We went to the game farm this afternoon and felt nothing but saddened at the conditions that the animals were living in. We felt guilty for having patronized an establishment that keeps animals in such poor conditions. The place looks like it is well past its prime. It is in need of upkeep/updating and the animals are kept in conditions that would have been substandard even a decade ago.
The enclosures/cages are in shabby shape and the animals are not living in any type of habitat that is even remotely close to the conditions that they would live in if they were in the wild. While I realize that the animals cannot be released from captivity, the park could adopt a more humane approach to their enclosures/cages and re-fashion them as modern and reputable zoos have done so that the animals live in an environment that bears some resemblance to the animal’s natural habitat. Mind you, I am not against keeping animals in captivity per se, but they should not be kept in enclosures fashioned of concrete pipe, chain link fencing and gravel.
The walking tour was off limits today when we were there, but sadly, we did get a glimpse of a lion lying in a gravel floored cage that appeared much too small for this type of animal. We also saw a lone wolfe enclosed in a similar type of cage. The cages along the walking tour were especially troubling. They were fashioned from concrete, plywood and chain link fencing. They were small and in close proximity to one another. They resembled a shabby dog kennel versus any type of zoo/animal park that would house wild animals. It was troubling to think of Tigers, Lions, and Cougars living in these small cages and we were glad that we were spared seeing them in this deplorable state.

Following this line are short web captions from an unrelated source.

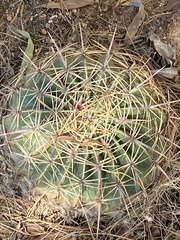 Ferocactus histrix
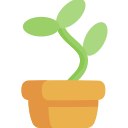 vaso de plantas 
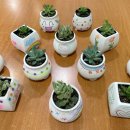 의료법인 한우리의료재단 이미지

While, it is entertaining to feed a yak or a buffalo, I could not help but think that white bread was probably not the healthiest thing to be feeding a wild animal. I was also troubled that the staff did not give any guidelines on feeding the animals as we entered the park and there appeared to be no controls in place to assure that the animals were only being fed foods that would not upset their digestive systems. We did not see a single staff person once we began the driving tour. The only staff that we saw were at the gift shop and taking money at the gate. Nobody was monitoring what was actually being given to the animals and people were allowed to bring in outside food for feeding the animals.

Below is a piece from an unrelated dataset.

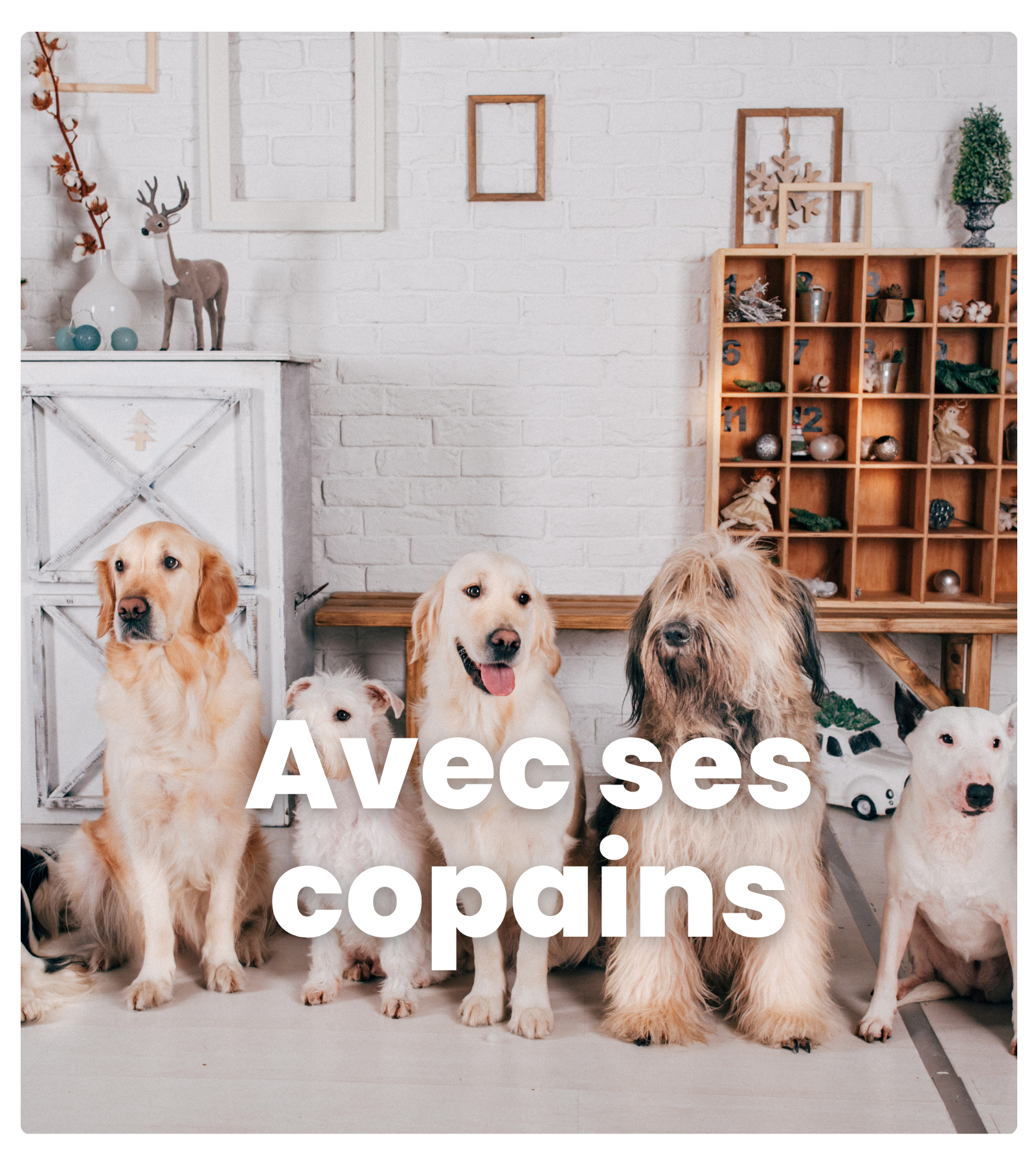 chien avec ses copains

Kids may appreciate seeing the animals because they can overlook their unnatural and shabby surroundings, but adults who have been to professionally run zoos such as the Woodland Park Zoo or the San Diego Zoo will likely be saddened/troubled by the experience. This roadside zoo is much like zoos in third-world countries where animal rights is an unheard of concept.
I will not patronize this establishment again and would encourage others who are concerned for the humane treatment of animals in captivity to donate their money to charities that advocate for the humane treatment of animals, rather than to give their money to an establishment that seems to only care about lining their pockets since it is painfully obvious that they haven't invested much of their annual proceeds in upkeep of the farm or to improve the living conditions of the animals who line their pockets with cash.